:: Problem requirements ::
The data below contains pictures, which are to be skipped; the lines starting at the line with "91家纺网 家纺一手货源 找家纺" and ending at the line with "Horizontal view of" are to be output exactly, both ends included.

:: Data for this task ::

──────

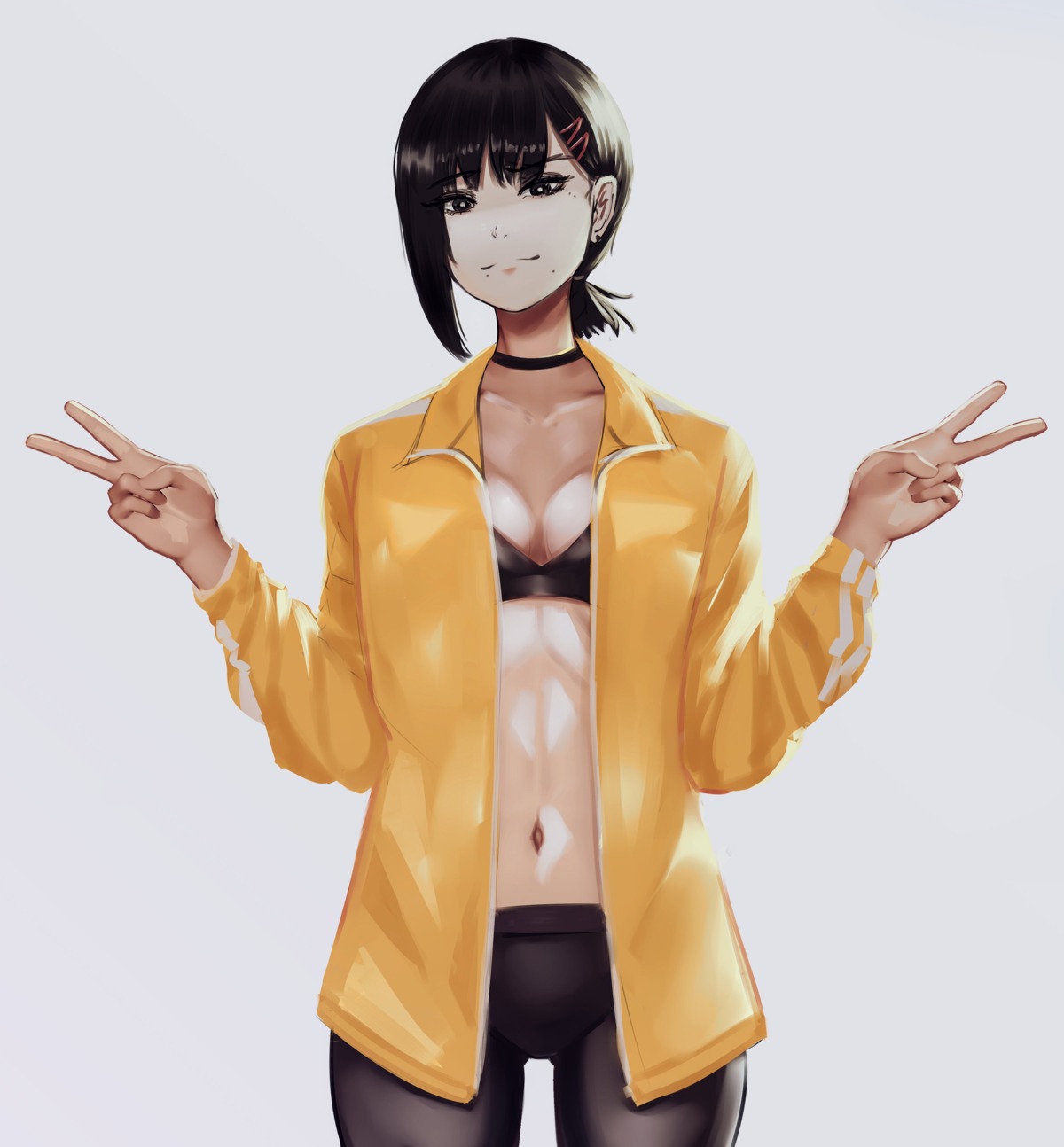 bra, chainsaw_man, cleavage, higashiyama_kobeni, open_shirt, zaki_(zaki_btw)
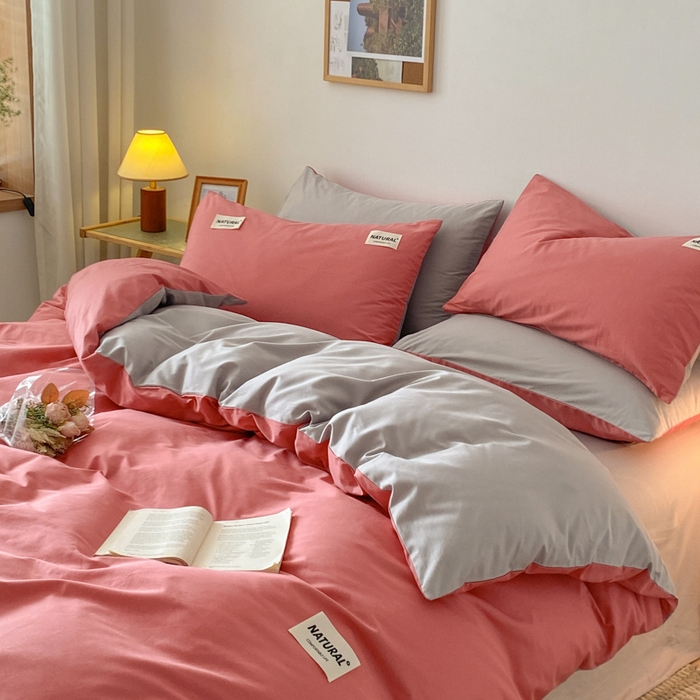 91家纺网 家纺一手货源 找家纺 昊翔家纺 2025新款13372全棉纯色四件套无印良品风简约套件 豆沙-浅灰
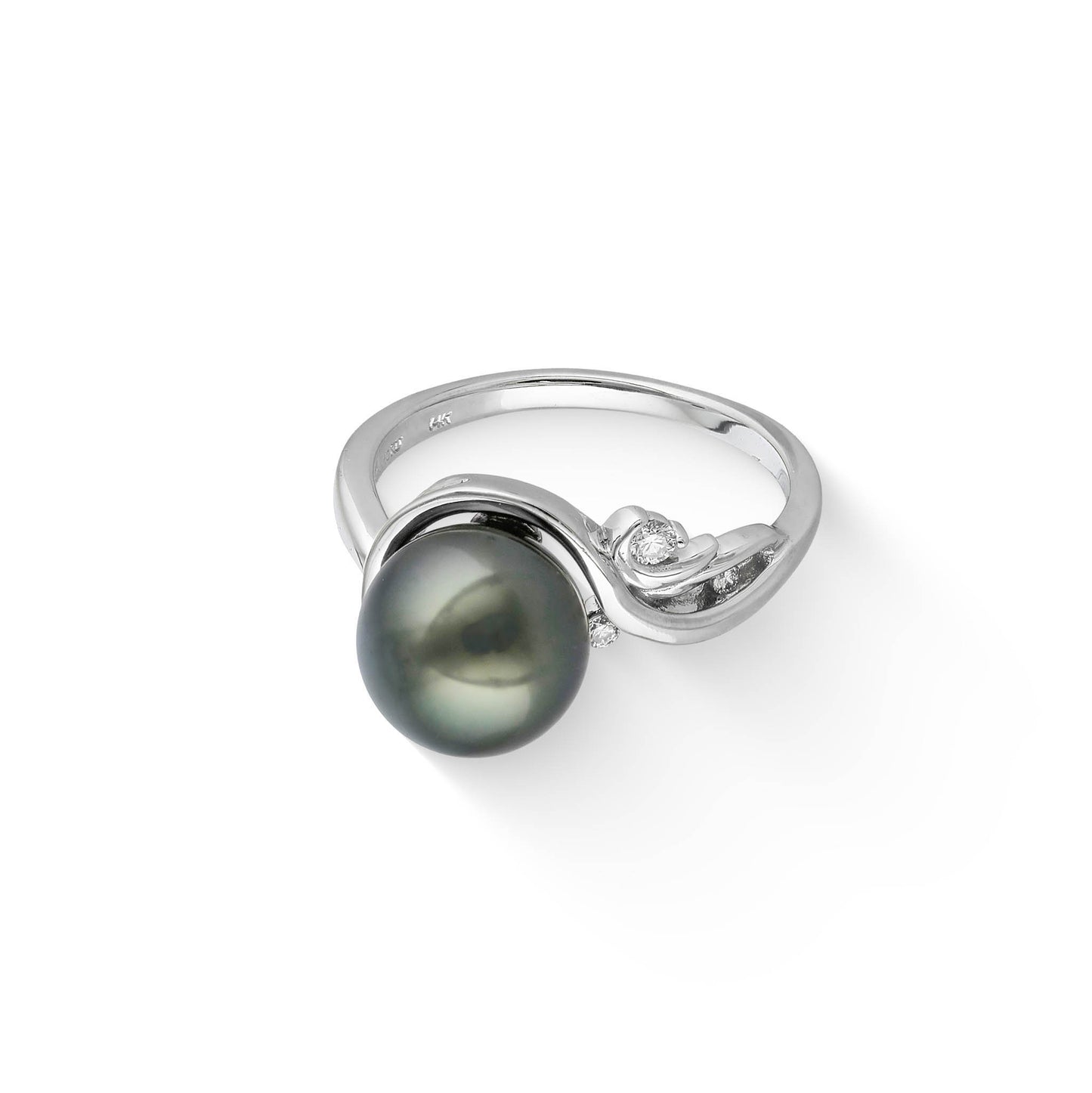 Horizontal view of a white gold ring with an 11mm Tahitian pearl & curved band set with small diamonds. Item No. 44823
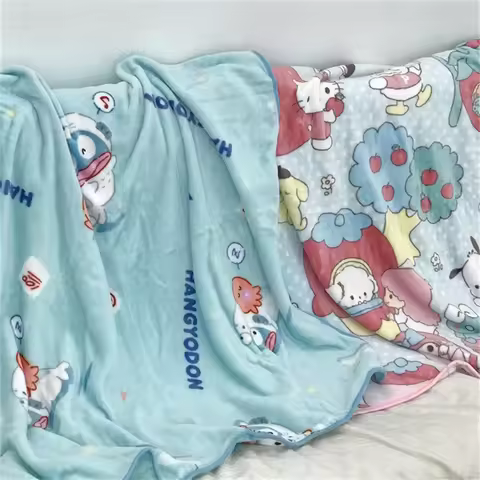 Cute Hangyodon Blanket Lovely Anime Warm Flannel Blanket Pillowcase Pekkle Pochacco Blanket Bedsprea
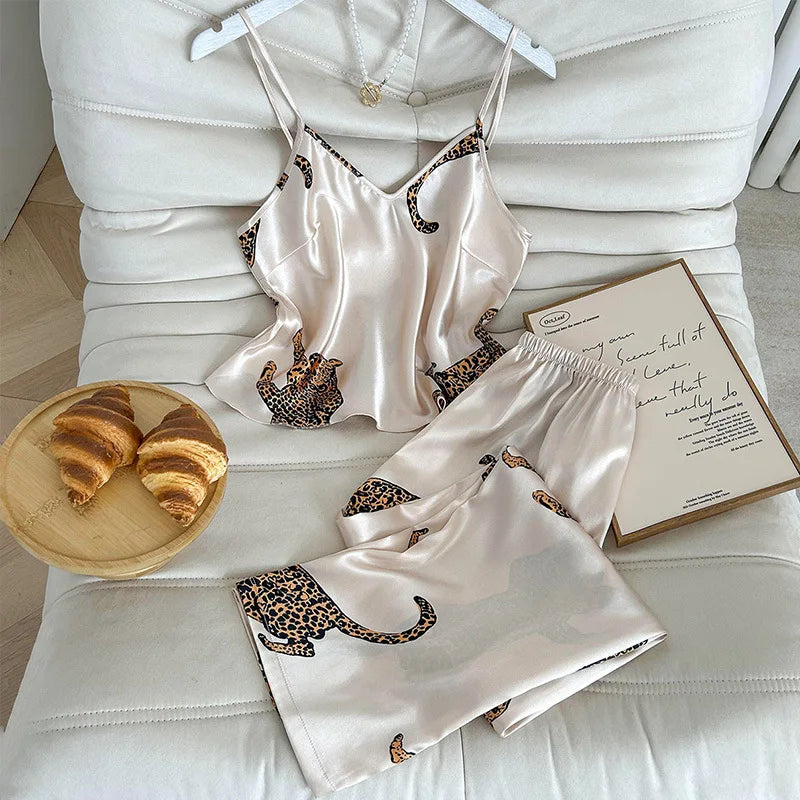 Sleepwear Summer Ice Silk Stain Com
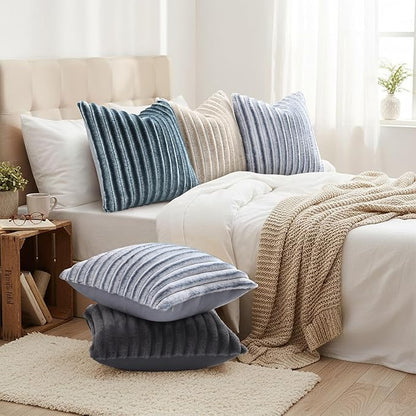 decorUhome Cozy Faux Fur Throw Pillow Covers 20x20 Set of 2 Decorative Soft Plush Striped Modern Farmhouse Boho Couch Pillow Cases with Velvet Back for Sofa Bed Living Room, Grey White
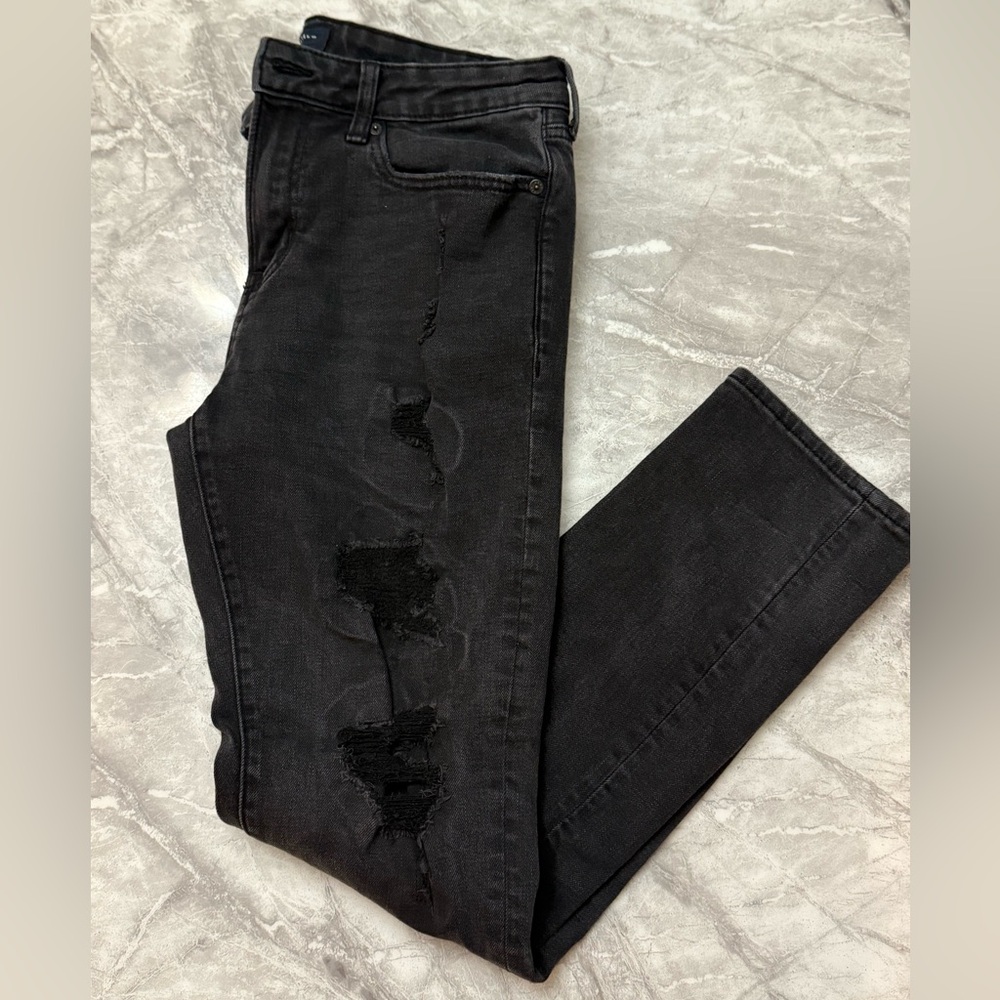 Aeropostale Men's Distressed Black Skinny Jeans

──────

:: Answer section ::
 91家纺网 家纺一手货源 找家纺 昊翔家纺 2025新款13372全棉纯色四件套无印良品风简约套件 豆沙-浅灰
 Horizontal view of a white gold ring with an 11mm Tahitian pearl & curved band set with small diamonds. Item No. 44823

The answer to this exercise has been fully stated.